Друг друзьям, враг врагам

-Я знаю, что после выставки в Третьяковке в 1995 году, когда на таможне пропали 22 работы из вашего собрания, включая портрет Набокова и не была возвращена страховка, вы больше не делаете выставки в России?

-Я не хочу больше мусировать этот инцидент. Я несколько раз был в Министерстве культуры, я открыт к диалогу со всеми, кто, быть может, знает, где эти работы. Я приехал сейчас за свой счет, почти инкогнито. Ведутся какие-то переговоры в связи с 300-летием Петербурга. Возможно, я дам какие-то второстепенные картины. Это слишком опасные игры, когда даже крупнейшие музеи не могут дать гарантий, что вернут все экспонаты. Опять же, мечтаю о книжной выставке в Москве и Петербурге, которая стала бы праздником для истинных ценителей.

-Как вы относитесь к конкурентам по изучению русской эмиграции, к Александру Васильеву с его телепередачами и книгами о моде?

-Васильев хороший специалист, он нашел свою нишу. Он выпустил хорошую книгу “Красота в изгнании” о моде, он знаток своего дела, честь ему и хвала. Не чета Борису Носику, чьи книги просто мерзкие. А Васильев человек достойный, я люблю, когда человек делает свое дело. Критиковать легко, созидать трудно.

-Вы были знакомы в 60-е годы с доживавшими свой век в эмиграции русскими художниками и писателями. Не собираетесь писать мемуары?

-Я готовлю как раз свои воспоминания. Написал уже от руки по-русски несколько сот страниц. Это будет “моя Россия” в хронологическом порядке. От первой встречи на Лазурном берегу в 50-е годы до конца советской власти и перестроечного заигрывания со мной. Они многим не понравятся.

-Вроде вашей книги “Жаль русский народ”, вышедшей в начале 90-х?

-Из песни, как говорится, слов не выкинешь. Они злые, но жесткие и правдивые. Поскольку я архивариус, то все будет подтверждено материалами. Поскольку, повторяю, я пишу по-русски, то нужен опытный и талантливый редактор, который сохранил бы мою интонацию. У меня есть пример такого материала, который в начале 92-го года сделал покойный Генрих Сапгир. Это было первое мое интервью, напечатанное в “Независимой газете”. Я особо не спешу со своими воспоминаниями, слишком многие, о ком я пишу еще живы. Это будет внешний взгляд на Россию человека, который знает ее изнутри.

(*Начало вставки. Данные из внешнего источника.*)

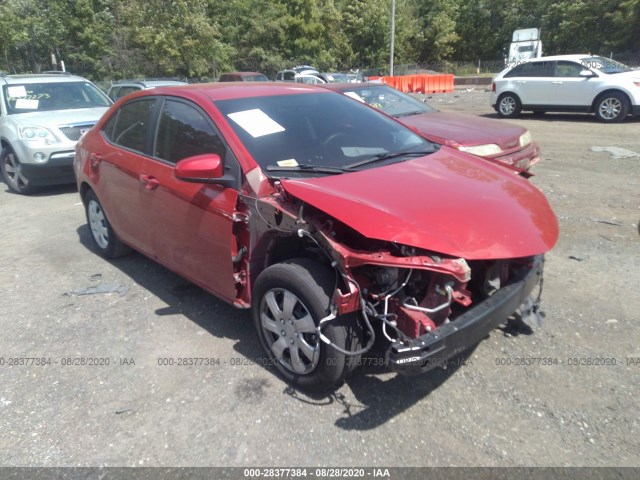 TOYOTA COROLLA 2016 2t1burhe2gc733829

-Хорошо любить Россию, живя во Франции?

-Вы знаете, позапрошлым летом я выпустил перевод “Голубой звезды” Бориса Зайцева со своим предисловием, где сказал все, что думал, об отношении во Франции к русской эмиграции. Был скандал. Министерство высшего образования выступило в том смысле, что “Герра позорит Сорбонну”. До сих пор все во Франции находится в руках коммунистов, для которых русские эмигранты это фашисты. И вообще, если ты никогда не был коммунистом, значит, ты дерьмо. Могу сказать, что, живя во Франции, ты живешь в относительно свободной стране. Можете сами выбирать, на чем ставить ударение.

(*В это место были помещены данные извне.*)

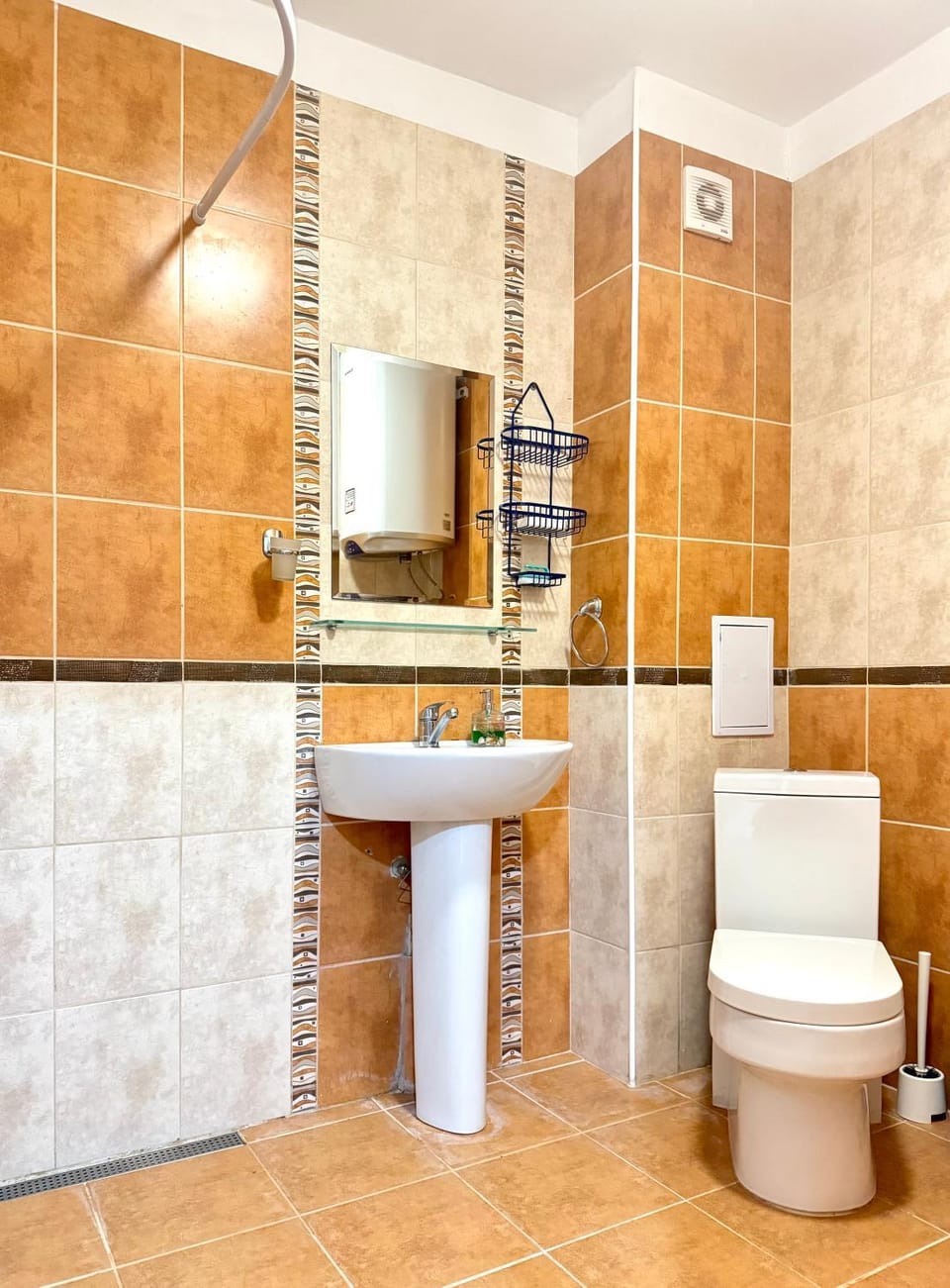 Apartment 7 Apartment in Sozopol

-И все же, подводя итог, - вы счастливы?

-Я хочу сказать, что моя коллекция уникальна в том смысле, что это не просто какой-то богатый человек, каким я не являюсь, пошел и купил на аукционе в Лондоне или Нью-Йорке готовое собрание. Почти каждая работа, не говоря уже о тех, которые мне были подарены самим художниками, попала ко мне не случайно. Всегда было некое предначертание на грани мистики. Это без преувеличения. Когда я сижу у себя дома, мне даже иногда становится страшно от энергетики этого собрания, этих работ. Каждая из них связана со столькими воспоминаниями, что, показывая коллекцию, я потом полностью опустошен. Можно по-разному относиться к ней как к целому, в ней есть работы разного качества, но там нет случайных работ. Причем, повторю, картины это только часть айсберга, который целиком даже не виден.